O facto de os jovens terem actualmente muita facilidade em obter informação não
garante que as suas escolhas sejam as mais adequadas, por isso a educação
sexual poderá fornecer uma ajuda na triagem desta informação, contribuindo para
que seja utilizada da melhor forma (Piscalho, Serafim, & Leal, 2000).
A educação sexual não deve cingir-se às informações sobre os aspectos físicos
do acto sexual, sendo essencial a abordagem de outras dimensões, tais como a
social, a cultural, a emocional e a ética (Aquilino & Bragadottir, 2000) Se
considerarmos a educação sexual a única forma para se prevenir e /ou modificar
comportamentos, deve-se ter em conta a importância das normas sociais e dos
amigos (grupo de pares), a aquisição de competências cognitivas e
comportamentais necessárias à implementação e manutenção da mudança, e
contemplar a avaliação de vulnerabilidade ao risco, da motivação para a mudança
e, ainda, os factores situacionais que possam intervir com a implementação
dessa mudança.
Mas a educação sexual no âmbito da educação para a saúde implica também a
consciencialização dos imprescindíveis agentes educativos envolvidos, de forma
directa ou indirecta, no desenvolvimento dos jovens: famílias, escolas,
comunidades, instituições, organizações não-governamentais, autarquias,
institutos públicos e particulares, locais de lazer e diversão.
Portugal
Em Portugal, a implementação da educação sexual nas escolas tem originado, nos
últimos anos, um grande debate. Em 1978, 1981 e 1984 a questão da legalização
do aborto dividiu a população portuguesa. Apesar de não ter sido aceite nessa
altura, esta questão justificou a primeira legislação sobre educação sexual nas
escolas. Contudo, em 1985 a preocupação com a educação sexual voltou a sofrer
uma estagnação (Reis & Vilar, 2004). Na sociedade portuguesa detectaram-se
muitos problemas e necessidades não resolvidas relativamente aos direitos
sexuais e reprodutivos da população, tornando obrigatória a educação para a
sexualidade, em 1997.
Entre 1995 e 1998, o Programa de Promoção e Educação para a Saúde e a
Associação para o Planeamento da Família criaram o Projecto Educação Sexual e
Promoção da Saúde nas Escolas Um Projecto Experimental, a partir do qual se
pretendeu efectuar uma generalização gradual às escolas portuguesas, no sentido
da integração regular de projectos e actividades de Educação Sexual nos vários
níveis de ensino (Marques et al., 1999).
Em 2005 foi criado um Grupo de Trabalho para a Educação Sexual (GTES) /
Educação para a Saúde em Meio Escolar, que determinou que a educação sexual
será abordada no âmbito de um programa de promoção da saúde.
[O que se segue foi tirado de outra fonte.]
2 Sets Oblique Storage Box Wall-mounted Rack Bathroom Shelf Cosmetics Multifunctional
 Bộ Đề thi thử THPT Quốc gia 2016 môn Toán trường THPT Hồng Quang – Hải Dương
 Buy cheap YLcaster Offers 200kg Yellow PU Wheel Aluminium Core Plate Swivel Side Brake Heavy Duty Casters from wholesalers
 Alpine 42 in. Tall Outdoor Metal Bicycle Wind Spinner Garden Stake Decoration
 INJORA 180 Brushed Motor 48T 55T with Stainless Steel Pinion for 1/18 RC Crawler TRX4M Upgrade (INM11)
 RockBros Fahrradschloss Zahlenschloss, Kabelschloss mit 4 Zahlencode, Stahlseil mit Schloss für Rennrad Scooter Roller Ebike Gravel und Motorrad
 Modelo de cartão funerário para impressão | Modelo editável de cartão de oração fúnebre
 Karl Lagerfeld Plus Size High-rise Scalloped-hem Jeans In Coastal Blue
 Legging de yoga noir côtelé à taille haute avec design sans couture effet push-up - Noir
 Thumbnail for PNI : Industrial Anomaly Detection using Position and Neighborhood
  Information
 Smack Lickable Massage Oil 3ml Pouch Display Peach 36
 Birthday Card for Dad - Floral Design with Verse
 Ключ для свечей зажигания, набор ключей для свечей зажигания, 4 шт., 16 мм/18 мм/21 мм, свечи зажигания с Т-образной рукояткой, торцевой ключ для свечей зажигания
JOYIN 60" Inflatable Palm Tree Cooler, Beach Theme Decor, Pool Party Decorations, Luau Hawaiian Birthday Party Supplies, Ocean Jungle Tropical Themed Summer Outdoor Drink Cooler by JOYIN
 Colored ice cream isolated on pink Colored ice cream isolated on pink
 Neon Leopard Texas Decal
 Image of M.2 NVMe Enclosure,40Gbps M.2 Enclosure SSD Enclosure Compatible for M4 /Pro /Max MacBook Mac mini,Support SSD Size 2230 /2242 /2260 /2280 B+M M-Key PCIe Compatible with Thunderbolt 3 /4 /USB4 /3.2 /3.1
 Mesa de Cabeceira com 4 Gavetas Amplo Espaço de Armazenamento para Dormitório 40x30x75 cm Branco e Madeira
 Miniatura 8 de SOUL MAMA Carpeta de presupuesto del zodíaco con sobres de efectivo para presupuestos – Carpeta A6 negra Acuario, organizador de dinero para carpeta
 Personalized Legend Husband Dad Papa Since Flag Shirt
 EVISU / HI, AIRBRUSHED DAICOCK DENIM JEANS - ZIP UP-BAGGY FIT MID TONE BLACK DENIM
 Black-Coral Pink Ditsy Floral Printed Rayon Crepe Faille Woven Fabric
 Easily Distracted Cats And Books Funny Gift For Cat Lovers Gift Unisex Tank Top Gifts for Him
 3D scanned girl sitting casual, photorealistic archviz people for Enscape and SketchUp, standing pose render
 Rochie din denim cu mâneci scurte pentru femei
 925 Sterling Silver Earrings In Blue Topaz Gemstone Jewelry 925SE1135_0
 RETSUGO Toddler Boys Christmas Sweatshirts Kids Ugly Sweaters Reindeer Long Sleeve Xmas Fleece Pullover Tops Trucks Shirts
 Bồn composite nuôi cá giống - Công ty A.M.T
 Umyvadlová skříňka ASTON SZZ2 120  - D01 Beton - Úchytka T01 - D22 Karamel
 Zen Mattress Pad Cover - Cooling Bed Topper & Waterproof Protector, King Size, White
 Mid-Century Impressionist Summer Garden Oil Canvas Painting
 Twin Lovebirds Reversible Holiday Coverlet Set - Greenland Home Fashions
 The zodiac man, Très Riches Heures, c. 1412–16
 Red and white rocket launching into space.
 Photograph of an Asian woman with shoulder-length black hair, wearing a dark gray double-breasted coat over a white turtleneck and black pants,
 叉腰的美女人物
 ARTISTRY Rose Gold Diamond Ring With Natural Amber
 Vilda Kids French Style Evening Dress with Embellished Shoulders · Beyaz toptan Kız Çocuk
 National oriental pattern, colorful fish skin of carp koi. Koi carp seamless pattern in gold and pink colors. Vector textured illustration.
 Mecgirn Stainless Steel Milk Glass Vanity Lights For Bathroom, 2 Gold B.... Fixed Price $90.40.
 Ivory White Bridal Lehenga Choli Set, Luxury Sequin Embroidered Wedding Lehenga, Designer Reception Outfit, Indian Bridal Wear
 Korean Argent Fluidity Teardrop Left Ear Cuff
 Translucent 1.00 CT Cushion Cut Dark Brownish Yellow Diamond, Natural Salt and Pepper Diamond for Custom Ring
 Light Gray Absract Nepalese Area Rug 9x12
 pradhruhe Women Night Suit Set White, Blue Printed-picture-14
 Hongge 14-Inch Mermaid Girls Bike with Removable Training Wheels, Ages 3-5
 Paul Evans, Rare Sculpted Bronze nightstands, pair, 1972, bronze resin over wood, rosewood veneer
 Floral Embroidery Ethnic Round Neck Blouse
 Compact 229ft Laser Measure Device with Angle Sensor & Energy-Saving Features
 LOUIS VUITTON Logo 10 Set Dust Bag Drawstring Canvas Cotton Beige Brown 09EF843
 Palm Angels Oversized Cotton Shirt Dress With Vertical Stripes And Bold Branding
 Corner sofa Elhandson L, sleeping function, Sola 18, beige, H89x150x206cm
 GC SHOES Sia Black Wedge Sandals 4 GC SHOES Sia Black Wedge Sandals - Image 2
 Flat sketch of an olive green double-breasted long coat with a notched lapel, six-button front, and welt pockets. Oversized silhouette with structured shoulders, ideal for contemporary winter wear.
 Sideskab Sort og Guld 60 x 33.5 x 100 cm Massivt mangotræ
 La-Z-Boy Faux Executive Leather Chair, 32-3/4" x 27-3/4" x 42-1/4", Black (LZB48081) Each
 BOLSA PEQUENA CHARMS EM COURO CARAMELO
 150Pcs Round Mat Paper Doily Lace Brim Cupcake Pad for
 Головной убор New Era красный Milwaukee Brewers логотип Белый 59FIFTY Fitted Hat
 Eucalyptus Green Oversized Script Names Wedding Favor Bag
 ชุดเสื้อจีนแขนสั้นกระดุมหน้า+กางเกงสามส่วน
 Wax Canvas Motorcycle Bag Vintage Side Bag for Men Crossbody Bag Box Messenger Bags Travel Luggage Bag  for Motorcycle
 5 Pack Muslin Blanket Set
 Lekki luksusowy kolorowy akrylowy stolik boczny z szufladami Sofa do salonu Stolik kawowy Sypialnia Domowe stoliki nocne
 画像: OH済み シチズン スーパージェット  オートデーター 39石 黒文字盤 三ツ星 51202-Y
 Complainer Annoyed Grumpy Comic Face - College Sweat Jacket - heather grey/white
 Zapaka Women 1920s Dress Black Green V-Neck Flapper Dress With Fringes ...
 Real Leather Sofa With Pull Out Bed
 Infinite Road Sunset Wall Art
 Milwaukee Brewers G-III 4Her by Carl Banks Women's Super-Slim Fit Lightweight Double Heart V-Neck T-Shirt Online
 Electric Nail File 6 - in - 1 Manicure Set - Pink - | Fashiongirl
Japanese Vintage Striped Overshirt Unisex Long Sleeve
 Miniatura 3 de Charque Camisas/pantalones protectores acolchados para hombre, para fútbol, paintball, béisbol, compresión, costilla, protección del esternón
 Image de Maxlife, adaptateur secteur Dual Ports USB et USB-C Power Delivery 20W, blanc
De acordo com as
recomendações deste grupo de trabalho, no relatório final apresentado em 2007
(GTES, 2007a), os assuntos a abordar devem envolver, entre outros o
entendimento da sexualidade como uma das componentes mais sensíveis da pessoa,
no contexto de um projecto de vida que englobe valores e uma dimensão ética, a
compreensão dos aspectos relacionados com as principais IST's (incluindo o VIH/
SIDA), a maternidade na adolescência e a interrupção voluntária da gravidez,
assim como os aspectos relacionados com o uso de métodos contraceptivos e de
preservativos.
Chile
O Chile foi um dos países pioneiros relativamente à educação sexual quando em
1960 criou o programaVida Familiar e Educação Sexual. No entanto, todos os
textos e materiais elaborados para os pais, professores e alunos foram
destruídos durante a ditadura militar que governou o Chile no período de 1973 a
1998. Durante este regime foi criada a lei Orgânica Constitucional de Educação
(LOCE), que estabeleceu a liberdade de ensinar, o direito à educação e atribuiu
a responsabilidade da educação aos pais e familiares, à escola e às políticas
educacionais. Como resultado desta lei, o Ministério da Educação tem, desde
então, apenas um papel regulador, orientando, mas as faculdades e as escolas
são livres para desenvolver programas educacionais que tenham sido aprovados
pela autoridade competente do estabelecimento.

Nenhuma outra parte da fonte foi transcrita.